Dictionary entry details
Sense 1
Meaning:
A state of misfortune or affliction
Classified under:
Nouns denoting stable states of affairs
Synonyms:
adversity; hard knocks; hardship
Context example:
a life of hardship
Hypernyms ("hardship" is a kind of...):
bad luck; ill luck; misfortune; tough luck (an unfortunate state resulting from unfavorable outcomes)
Hyponyms (each of the following is a kind of "hardship"):
ill-being (lack of prosperity or happiness or health)
catastrophe; disaster (a state of extreme (usually irremediable) ruin and misfortune)
extremity (an extreme condition or state (especially of adversity or disease))
distress (a state of adversity (danger or affliction or need))
affliction (a state of great suffering and distress due to adversity)
victimization (adversity resulting from being made a victim)

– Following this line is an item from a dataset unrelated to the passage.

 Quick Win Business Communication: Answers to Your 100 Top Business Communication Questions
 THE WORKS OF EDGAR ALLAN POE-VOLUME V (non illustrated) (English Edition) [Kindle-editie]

low-water mark; nadir (an extreme state of adversity; the lowest point of anything)
Sense 2
Meaning:
Something hard to endure
Classified under:
Nouns denoting attributes of people and objects
Synonyms:
asperity; grimness; hardship; rigor; rigorousness; rigour; rigourousness; severeness; severity
Context example:
the asperity of northern winters
Hypernyms ("hardship" is a kind of...):
difficultness; difficulty (the quality of being difficult)
Hyponyms (each of the following is a kind of "hardship"):
sternness (the quality (as of scenery) being grim and gloomy and forbidding)
Sense 3
Meaning:
Something that causes or entails suffering
Classified under:
Nouns denoting natural events
Context example:
the many hardships of frontier life
Hypernyms ("hardship" is a kind of...):
bad luck; misfortune (unnecessary and unforeseen trouble resulting from an unfortunate event)
Context examples
“I hope it will not be too dreadful a hardship for you to make yourself a dress or two.”
(The Sea-Wolf, by Jack London)
I am very sensible, madam, of the hardship to my fair cousins, and could say much on the subject, but that I am cautious of appearing forward and precipitate.
(Pride and Prejudice, by Jane Austen)
In this one little was said of the hardships endured, the dangers faced, or the homesickness conquered.
(Little Women, by Louisa May Alcott)
But the privations, or rather the hardships, of Lowood lessened.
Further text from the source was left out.